Wiki

Clone wiki

ENMA / data_model / hbase

EMPOWERING Data Model - Long term database

'Return home'

This data model documentation describes how the data is stored in the long term database. The technology used is HBase, which is a distributed database from Hadoop.

All the data is stored by tables. They represent two different typologies: the data input tables or the result tables.
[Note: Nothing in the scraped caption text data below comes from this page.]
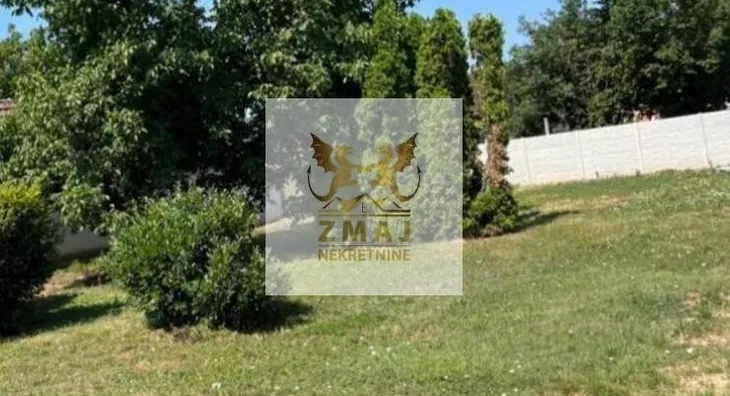 Plac | 4zida
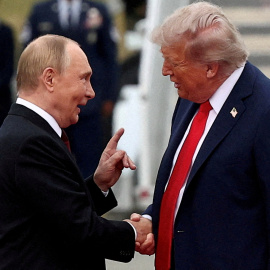 Vladimir Putin y Donald Trump se saludan en su encuentro en Alaska el pasado agosto.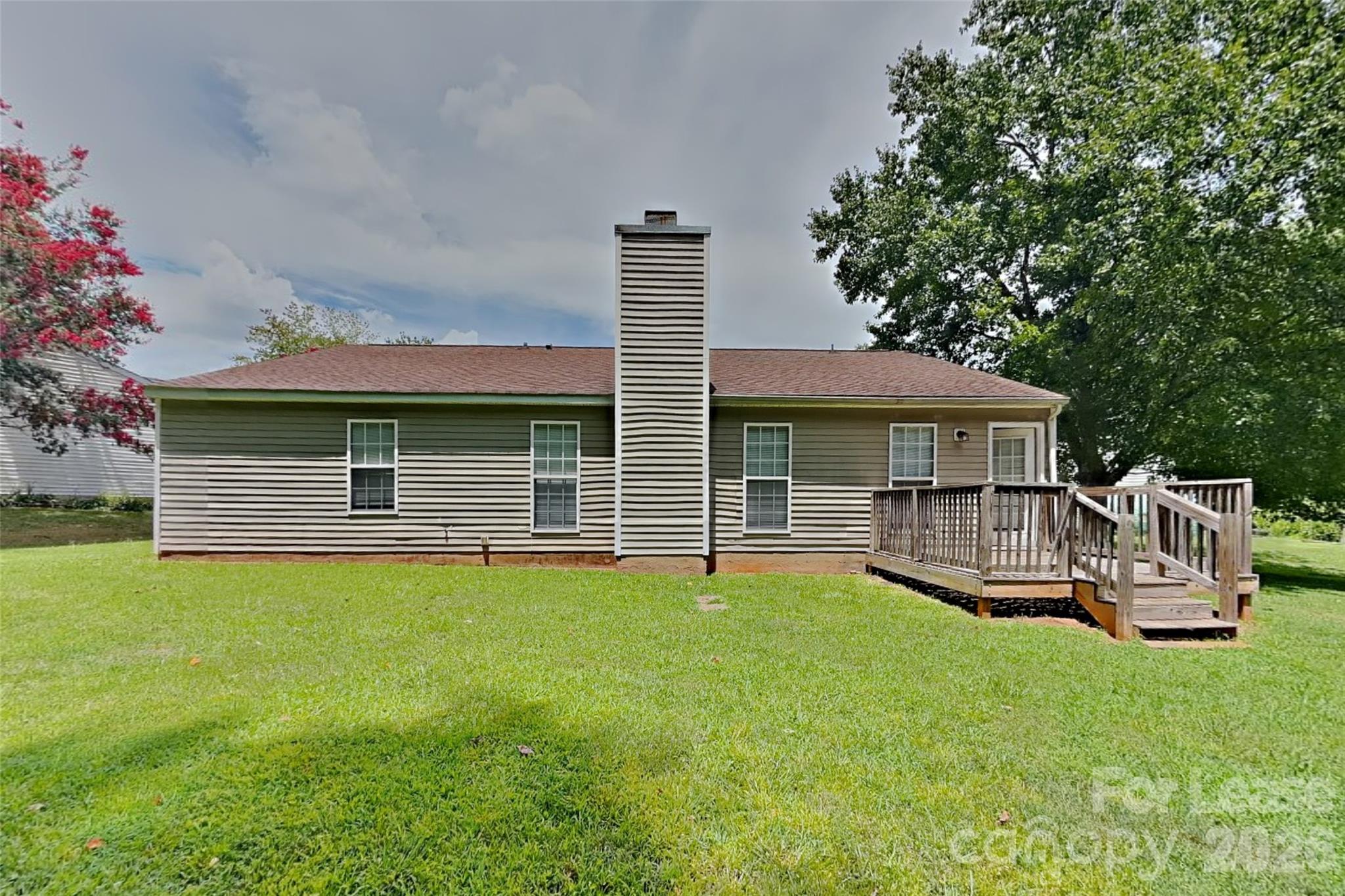 6902 Kentucky Derby Drive Property Photo 7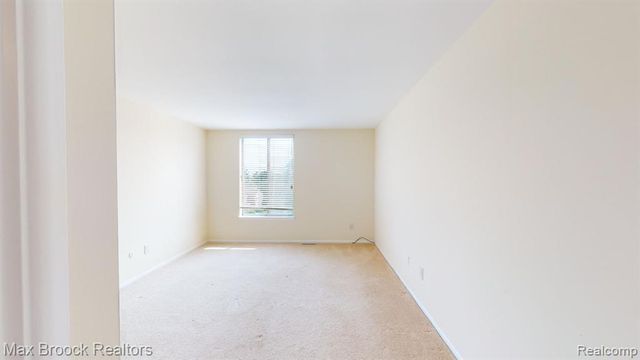 600 W Brown Street 309, Birmingham, MI 48009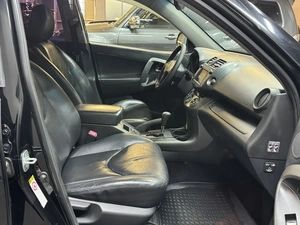 Внедорожник Toyota RAV4 2011 года, 1797000 рублей, Красноярск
The former is used to calculate the analytics and the latter creates an historical backup for all the results calculated by the system.

This tables have a unique name and are composed by unique key - values pairs. The values for each key can contain multiple columns and columns families.

In the following example we represent the electricity consumption of contractId CHBB of companyId 1111111111 at timestamp 1505210023, which have a value of 25 kWh. The 'm:v' represents the column 'v' of the column family 'm'.

electricityConsumption_1111111111       4~1505210023~CHBB       {'m:v':25,'m:calc':0}

For more information about this database, visit http://hbase.apache.org/book.html

Data model by tables

Data input tables

All the examples (in cursive) consider type = "electricityConsumption", companyId = 1111111111 and weather_type = "temperatureAir". The bucket is considered as ((timestamp / 100) % 100).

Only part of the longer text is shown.